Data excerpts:
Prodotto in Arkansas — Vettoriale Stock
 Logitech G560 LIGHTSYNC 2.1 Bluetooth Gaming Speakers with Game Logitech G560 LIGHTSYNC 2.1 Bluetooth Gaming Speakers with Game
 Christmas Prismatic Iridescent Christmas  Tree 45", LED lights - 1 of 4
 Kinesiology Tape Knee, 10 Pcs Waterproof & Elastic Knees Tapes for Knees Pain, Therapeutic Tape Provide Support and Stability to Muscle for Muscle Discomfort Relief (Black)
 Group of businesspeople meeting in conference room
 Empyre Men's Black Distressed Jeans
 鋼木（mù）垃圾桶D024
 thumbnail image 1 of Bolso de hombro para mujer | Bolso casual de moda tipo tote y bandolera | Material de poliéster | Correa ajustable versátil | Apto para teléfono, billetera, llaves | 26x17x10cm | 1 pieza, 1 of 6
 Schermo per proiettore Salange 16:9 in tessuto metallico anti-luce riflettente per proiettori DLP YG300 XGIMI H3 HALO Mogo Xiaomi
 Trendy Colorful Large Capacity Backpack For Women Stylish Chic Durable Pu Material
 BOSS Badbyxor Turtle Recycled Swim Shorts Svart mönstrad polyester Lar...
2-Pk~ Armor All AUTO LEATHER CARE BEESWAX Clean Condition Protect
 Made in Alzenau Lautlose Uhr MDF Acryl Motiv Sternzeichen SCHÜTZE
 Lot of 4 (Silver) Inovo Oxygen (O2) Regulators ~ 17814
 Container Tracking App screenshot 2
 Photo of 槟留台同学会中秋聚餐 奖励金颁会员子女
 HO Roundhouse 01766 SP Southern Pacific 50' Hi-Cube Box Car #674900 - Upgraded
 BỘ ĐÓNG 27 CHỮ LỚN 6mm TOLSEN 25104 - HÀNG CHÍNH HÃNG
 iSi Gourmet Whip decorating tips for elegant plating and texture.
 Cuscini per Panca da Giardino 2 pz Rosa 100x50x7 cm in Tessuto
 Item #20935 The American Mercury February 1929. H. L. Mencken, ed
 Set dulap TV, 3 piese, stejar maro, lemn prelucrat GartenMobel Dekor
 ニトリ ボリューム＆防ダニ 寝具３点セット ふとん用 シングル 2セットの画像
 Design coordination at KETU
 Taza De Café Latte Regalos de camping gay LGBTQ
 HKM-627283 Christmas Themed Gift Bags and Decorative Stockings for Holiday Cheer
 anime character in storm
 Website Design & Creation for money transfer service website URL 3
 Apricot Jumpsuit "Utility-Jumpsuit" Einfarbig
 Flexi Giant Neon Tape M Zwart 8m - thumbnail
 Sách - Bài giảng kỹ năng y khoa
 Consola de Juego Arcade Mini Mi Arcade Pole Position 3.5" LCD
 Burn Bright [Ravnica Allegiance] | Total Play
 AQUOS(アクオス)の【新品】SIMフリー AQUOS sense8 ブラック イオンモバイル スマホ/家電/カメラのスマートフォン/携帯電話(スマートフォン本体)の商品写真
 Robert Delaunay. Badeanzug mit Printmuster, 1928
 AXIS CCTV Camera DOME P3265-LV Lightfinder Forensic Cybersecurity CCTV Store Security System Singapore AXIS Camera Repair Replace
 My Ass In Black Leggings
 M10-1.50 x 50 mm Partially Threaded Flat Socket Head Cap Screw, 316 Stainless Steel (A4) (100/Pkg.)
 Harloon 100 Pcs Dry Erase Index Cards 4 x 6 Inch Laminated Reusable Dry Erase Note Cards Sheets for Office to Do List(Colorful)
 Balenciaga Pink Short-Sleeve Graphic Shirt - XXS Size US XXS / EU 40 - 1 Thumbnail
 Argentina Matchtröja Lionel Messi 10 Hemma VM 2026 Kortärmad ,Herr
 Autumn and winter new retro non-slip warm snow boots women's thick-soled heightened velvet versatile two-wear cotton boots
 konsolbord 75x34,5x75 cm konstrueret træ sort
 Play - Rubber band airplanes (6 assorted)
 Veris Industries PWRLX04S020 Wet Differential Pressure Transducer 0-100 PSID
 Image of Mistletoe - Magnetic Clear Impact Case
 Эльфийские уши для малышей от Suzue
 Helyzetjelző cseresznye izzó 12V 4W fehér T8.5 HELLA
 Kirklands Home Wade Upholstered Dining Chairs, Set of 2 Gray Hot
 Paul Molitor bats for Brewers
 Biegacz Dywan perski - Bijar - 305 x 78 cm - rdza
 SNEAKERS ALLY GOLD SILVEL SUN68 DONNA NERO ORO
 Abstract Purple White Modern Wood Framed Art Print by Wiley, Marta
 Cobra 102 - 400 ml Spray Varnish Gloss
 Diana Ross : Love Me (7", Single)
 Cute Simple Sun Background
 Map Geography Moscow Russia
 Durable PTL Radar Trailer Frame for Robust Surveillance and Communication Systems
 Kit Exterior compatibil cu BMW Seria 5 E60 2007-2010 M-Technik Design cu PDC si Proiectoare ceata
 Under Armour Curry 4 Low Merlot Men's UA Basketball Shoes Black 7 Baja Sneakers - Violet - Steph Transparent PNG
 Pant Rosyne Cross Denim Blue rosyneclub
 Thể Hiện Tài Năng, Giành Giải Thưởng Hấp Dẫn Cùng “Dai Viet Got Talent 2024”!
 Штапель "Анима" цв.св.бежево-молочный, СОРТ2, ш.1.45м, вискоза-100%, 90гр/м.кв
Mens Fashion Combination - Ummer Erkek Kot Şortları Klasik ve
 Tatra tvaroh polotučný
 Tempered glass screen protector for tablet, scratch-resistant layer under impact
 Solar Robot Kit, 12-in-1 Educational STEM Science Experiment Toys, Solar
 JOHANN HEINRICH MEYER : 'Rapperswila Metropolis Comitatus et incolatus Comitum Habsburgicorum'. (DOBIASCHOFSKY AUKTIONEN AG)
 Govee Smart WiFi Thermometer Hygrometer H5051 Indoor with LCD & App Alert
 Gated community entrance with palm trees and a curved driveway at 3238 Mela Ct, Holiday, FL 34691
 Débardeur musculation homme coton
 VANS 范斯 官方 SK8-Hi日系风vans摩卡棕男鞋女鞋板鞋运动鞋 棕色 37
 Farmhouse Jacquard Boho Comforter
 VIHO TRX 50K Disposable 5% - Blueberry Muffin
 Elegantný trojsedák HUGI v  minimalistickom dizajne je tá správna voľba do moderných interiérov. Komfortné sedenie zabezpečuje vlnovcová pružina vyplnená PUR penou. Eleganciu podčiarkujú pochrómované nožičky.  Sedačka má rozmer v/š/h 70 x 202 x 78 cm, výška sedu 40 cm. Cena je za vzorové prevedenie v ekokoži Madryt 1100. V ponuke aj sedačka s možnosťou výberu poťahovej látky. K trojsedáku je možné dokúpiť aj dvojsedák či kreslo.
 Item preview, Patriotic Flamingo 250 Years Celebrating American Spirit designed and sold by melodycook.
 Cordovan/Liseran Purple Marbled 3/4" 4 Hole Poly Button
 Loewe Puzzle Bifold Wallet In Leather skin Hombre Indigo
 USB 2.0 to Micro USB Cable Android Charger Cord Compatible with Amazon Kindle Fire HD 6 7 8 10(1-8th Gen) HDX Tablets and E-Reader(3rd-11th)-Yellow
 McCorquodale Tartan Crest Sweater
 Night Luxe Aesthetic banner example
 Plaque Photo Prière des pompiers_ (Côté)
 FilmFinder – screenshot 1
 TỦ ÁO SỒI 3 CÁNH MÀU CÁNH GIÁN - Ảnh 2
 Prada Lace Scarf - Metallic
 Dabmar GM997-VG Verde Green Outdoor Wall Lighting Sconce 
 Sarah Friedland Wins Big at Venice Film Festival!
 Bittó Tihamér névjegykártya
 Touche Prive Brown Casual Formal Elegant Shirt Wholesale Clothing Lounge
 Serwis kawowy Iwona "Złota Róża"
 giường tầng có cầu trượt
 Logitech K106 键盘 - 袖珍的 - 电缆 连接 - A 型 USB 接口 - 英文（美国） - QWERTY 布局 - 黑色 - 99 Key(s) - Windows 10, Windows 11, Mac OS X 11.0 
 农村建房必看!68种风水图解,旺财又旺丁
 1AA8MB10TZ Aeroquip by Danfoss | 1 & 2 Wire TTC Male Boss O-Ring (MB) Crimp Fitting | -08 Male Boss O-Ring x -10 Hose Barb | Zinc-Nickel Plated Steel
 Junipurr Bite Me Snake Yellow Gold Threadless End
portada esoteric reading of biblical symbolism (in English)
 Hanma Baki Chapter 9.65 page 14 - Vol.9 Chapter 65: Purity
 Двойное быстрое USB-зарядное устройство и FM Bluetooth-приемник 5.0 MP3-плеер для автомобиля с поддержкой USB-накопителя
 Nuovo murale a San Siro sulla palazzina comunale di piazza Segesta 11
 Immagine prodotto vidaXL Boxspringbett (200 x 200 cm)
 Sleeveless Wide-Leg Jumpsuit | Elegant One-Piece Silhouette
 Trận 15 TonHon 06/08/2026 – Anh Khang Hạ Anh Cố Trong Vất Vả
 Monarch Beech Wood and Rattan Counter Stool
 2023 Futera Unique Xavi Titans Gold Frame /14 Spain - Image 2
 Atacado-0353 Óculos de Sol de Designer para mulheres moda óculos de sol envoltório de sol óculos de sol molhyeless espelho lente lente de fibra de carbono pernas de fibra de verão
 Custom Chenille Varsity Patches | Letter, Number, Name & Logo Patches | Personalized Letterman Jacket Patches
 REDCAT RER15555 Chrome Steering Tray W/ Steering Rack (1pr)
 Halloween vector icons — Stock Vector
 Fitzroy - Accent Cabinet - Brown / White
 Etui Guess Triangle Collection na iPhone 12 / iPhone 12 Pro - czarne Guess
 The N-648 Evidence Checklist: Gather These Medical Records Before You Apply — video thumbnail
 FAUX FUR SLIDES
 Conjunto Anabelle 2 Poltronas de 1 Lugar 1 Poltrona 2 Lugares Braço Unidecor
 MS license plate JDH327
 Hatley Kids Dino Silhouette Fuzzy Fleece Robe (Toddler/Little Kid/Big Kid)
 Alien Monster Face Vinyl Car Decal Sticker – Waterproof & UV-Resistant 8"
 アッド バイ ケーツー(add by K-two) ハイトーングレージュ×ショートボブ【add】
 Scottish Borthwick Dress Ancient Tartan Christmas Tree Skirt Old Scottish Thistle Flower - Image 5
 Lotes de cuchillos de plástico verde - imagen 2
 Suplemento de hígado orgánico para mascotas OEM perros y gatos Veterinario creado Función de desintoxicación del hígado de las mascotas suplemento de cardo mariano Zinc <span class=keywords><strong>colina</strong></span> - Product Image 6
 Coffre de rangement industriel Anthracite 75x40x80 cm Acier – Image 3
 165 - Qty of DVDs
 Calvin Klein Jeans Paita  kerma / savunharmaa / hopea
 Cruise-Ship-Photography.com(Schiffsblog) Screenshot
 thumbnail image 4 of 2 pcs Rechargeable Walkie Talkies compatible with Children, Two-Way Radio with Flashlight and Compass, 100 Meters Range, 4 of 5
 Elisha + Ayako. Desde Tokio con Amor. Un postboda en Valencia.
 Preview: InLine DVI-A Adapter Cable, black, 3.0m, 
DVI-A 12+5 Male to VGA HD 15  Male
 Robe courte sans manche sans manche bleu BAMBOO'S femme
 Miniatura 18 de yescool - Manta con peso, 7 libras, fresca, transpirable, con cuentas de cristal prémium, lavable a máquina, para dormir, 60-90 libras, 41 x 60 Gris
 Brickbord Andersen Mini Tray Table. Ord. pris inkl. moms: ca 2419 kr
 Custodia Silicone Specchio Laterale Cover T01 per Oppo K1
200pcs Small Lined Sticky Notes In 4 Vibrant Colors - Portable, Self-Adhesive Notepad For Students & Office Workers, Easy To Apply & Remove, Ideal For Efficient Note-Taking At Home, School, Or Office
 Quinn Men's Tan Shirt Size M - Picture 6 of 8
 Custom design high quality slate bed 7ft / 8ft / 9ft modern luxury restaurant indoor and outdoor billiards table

Task directions
Look above for the line with "Immagine prodotto vidaXL"; retype exactly that line, every line after it up to the line with "Custom Chenille Varsity", and that line too, nothing else.

Final answer
 Immagine prodotto vidaXL Boxspringbett (200 x 200 cm)
 Sleeveless Wide-Leg Jumpsuit | Elegant One-Piece Silhouette
 Trận 15 TonHon 06/08/2026 – Anh Khang Hạ Anh Cố Trong Vất Vả
 Monarch Beech Wood and Rattan Counter Stool
 2023 Futera Unique Xavi Titans Gold Frame /14 Spain - Image 2
 Atacado-0353 Óculos de Sol de Designer para mulheres moda óculos de sol envoltório de sol óculos de sol molhyeless espelho lente lente de fibra de carbono pernas de fibra de verão
 Custom Chenille Varsity Patches | Letter, Number, Name & Logo Patches | Personalized Letterman Jacket Patches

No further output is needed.